--- GIVEN INFORMATION Enclosed Below ---

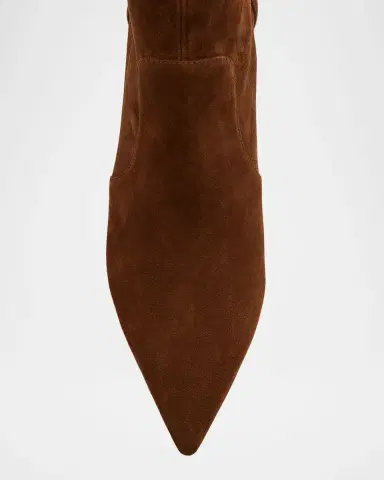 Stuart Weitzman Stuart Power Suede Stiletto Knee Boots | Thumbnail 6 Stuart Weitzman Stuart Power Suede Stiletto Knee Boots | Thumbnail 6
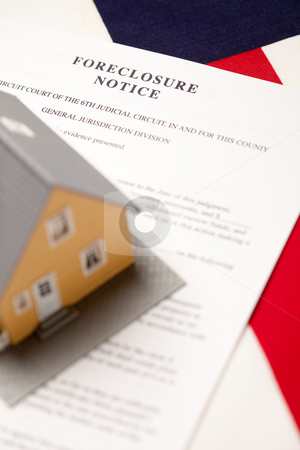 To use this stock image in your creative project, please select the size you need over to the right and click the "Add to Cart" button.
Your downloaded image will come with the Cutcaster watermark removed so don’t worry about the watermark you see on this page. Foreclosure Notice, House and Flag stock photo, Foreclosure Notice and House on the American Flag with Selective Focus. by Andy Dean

--- End of Enclosed GIVEN INFORMATION ---
--- GIVEN INFORMATION Enclosed Below ---

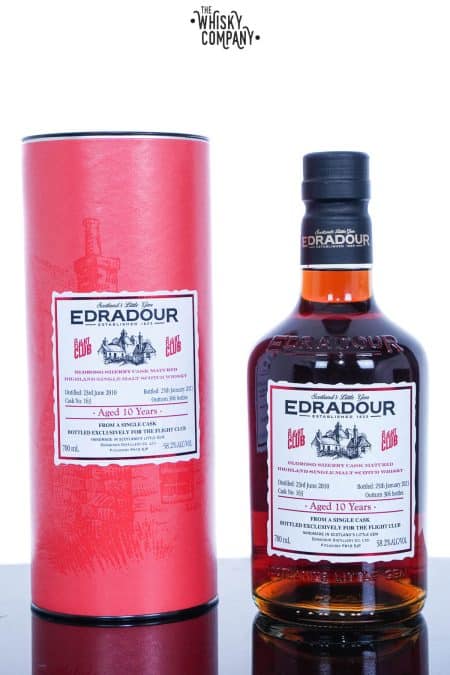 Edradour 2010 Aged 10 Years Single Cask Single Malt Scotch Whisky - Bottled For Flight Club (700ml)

--- End of Enclosed GIVEN INFORMATION ---
--- GIVEN INFORMATION Enclosed Below ---

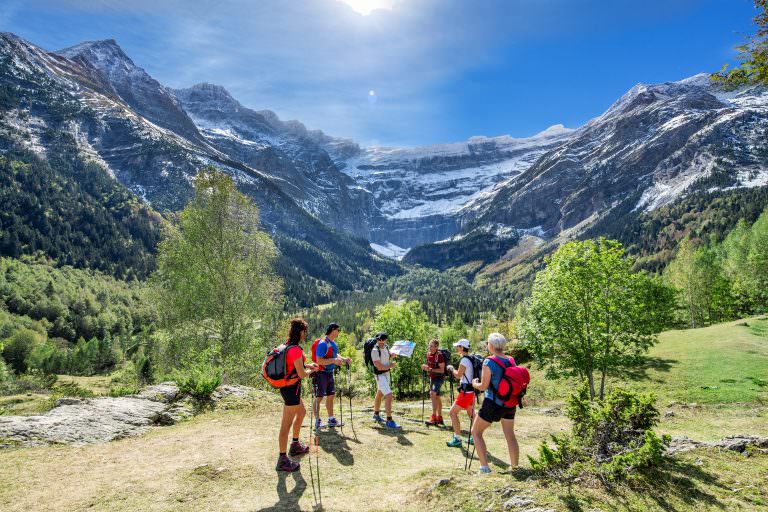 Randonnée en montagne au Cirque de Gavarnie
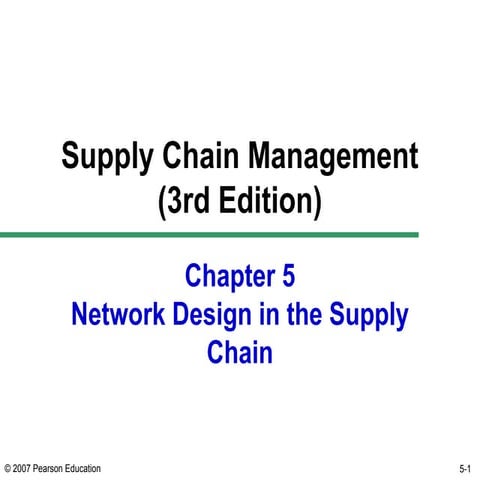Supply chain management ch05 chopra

--- End of Enclosed GIVEN INFORMATION ---

-- TASK PROMPT --
Only the lines starting at the one that includes "Thumbnail 6 Stuart" and ending at the one that includes "Your downloaded image" should be retyped, exactly, from the records above; no pictures.

-- SOLUTION TO THIS PROBLEM --
 Stuart Weitzman Stuart Power Suede Stiletto Knee Boots | Thumbnail 6 Stuart Weitzman Stuart Power Suede Stiletto Knee Boots | Thumbnail 6
 To use this stock image in your creative project, please select the size you need over to the right and click the "Add to Cart" button.
Your downloaded image will come with the Cutcaster watermark removed so don’t worry about the watermark you see on this page. Foreclosure Notice, House and Flag stock photo, Foreclosure Notice and House on the American Flag with Selective Focus. by Andy Dean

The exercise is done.